Place the beef, lamb and chicken in a tall pot. Add the stock and bring to a boil. Reduce the heat until the liquid is very gently simmering (small bubbles should just break on the surface). Simmer, uncovered, 90 minutes, or until the meats are tender.
Using a slotted spoon, remove and set the pieces of beef, lamb and chicken on a baking sheet and cool to temperature. Cut meat into cubes and refrigerate until needed. Skim fat from the surface of the stock left in the pot (see Note).
Measure stock in the pot; you should have 6 cups. If not, top it up with water until your reach that volume.
Heat the oil in a large, wide pot or Dutch oven set over medium heat. Add the celery, carrot, bell pepper, onion and garlic and cook until softened, about 5 minutes. Mix in the stock, cubed meat and all remaining ingredients, except parsley.

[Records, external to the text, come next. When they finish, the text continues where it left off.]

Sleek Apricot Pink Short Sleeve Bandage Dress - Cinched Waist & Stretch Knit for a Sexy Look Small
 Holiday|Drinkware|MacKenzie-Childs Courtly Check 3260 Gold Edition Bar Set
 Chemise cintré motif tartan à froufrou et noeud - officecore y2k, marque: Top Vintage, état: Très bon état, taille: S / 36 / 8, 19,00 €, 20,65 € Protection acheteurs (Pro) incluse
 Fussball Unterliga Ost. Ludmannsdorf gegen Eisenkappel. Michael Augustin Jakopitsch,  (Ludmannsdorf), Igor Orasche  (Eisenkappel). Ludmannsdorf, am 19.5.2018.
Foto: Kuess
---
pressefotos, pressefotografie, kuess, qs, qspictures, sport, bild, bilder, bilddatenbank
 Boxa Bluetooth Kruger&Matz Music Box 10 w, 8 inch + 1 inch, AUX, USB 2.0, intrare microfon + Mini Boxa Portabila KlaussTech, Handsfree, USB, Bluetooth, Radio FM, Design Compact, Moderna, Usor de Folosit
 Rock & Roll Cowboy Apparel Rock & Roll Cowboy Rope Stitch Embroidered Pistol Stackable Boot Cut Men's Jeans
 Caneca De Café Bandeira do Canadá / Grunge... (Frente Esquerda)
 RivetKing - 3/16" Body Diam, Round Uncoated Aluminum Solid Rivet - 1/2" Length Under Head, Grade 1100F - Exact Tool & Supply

Bring to a gently simmer and cook 30 minutes. Season to taste with salt and pepper. Stir in the parsley and serve.
Note: If time allows, you could simmer the meats in the stock the day before finishing off the burgoo. Once lifted out of the stock and cooled to temperature, keep the meat and stock refrigerated until needed. Once the stock is chilled, it will be easier to lift off the solidified fat from its surface.